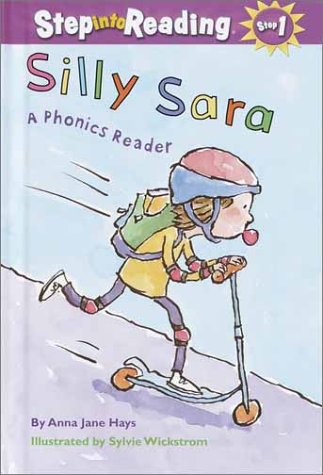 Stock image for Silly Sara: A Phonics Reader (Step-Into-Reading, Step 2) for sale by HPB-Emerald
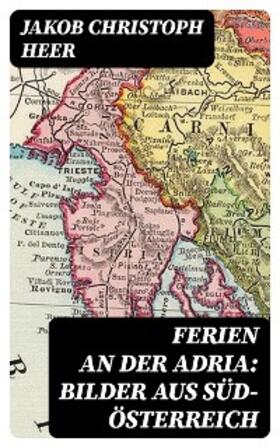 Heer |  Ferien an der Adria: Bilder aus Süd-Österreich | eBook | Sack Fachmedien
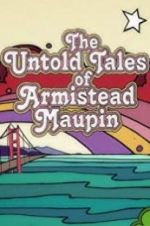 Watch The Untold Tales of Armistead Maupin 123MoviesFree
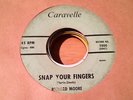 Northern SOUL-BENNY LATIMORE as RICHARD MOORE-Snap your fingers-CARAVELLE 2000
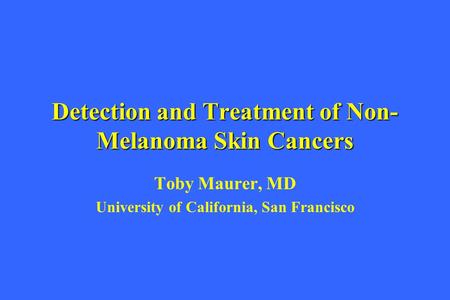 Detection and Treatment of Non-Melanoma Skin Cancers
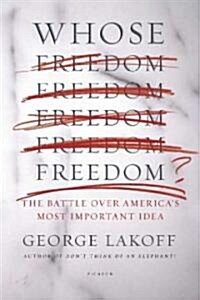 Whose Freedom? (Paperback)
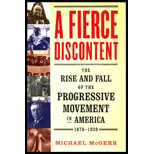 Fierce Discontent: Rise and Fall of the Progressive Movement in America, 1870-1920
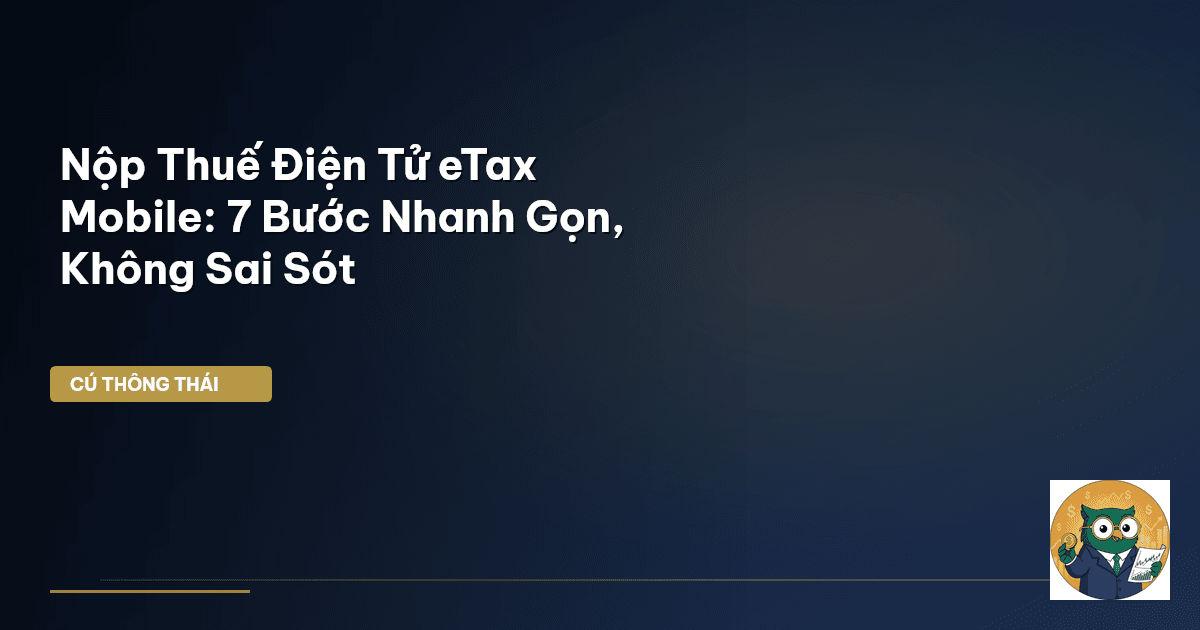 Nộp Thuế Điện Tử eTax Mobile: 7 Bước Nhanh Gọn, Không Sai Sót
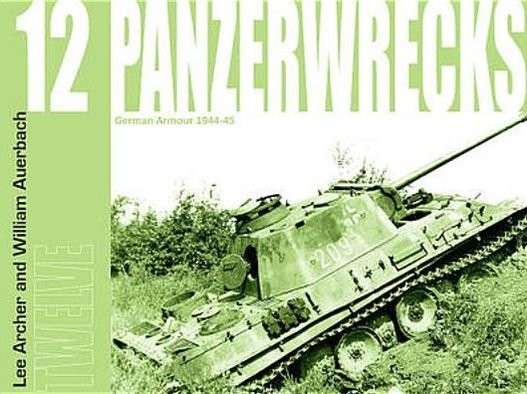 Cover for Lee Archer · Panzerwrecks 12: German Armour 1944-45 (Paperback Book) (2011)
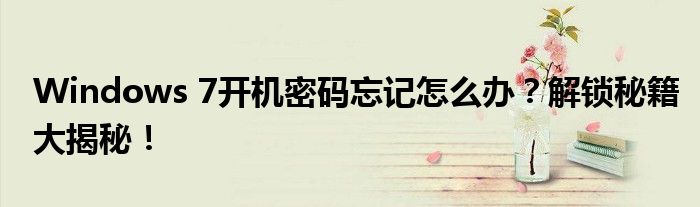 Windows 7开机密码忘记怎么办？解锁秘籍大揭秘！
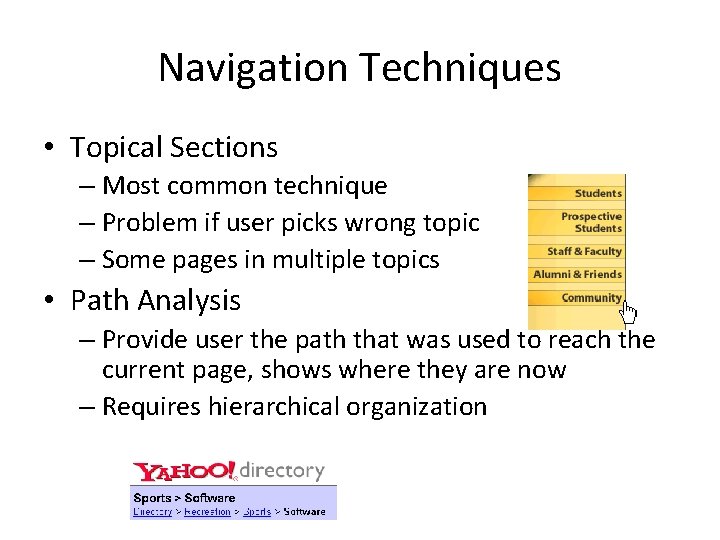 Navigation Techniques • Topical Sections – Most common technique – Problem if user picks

= = =

Above are records with pictures; repeat them exactly, but without the pictures.

Output for this exercise -
 Stock image for Silly Sara: A Phonics Reader (Step-Into-Reading, Step 2) for sale by HPB-Emerald
 Heer |  Ferien an der Adria: Bilder aus Süd-Österreich | eBook | Sack Fachmedien
 Watch The Untold Tales of Armistead Maupin 123MoviesFree
 Northern SOUL-BENNY LATIMORE as RICHARD MOORE-Snap your fingers-CARAVELLE 2000
 Detection and Treatment of Non-Melanoma Skin Cancers
 Whose Freedom? (Paperback)
 Fierce Discontent: Rise and Fall of the Progressive Movement in America, 1870-1920
 Nộp Thuế Điện Tử eTax Mobile: 7 Bước Nhanh Gọn, Không Sai Sót
 Cover for Lee Archer · Panzerwrecks 12: German Armour 1944-45 (Paperback Book) (2011)
 Windows 7开机密码忘记怎么办？解锁秘籍大揭秘！
 Navigation Techniques • Topical Sections – Most common technique – Problem if user picks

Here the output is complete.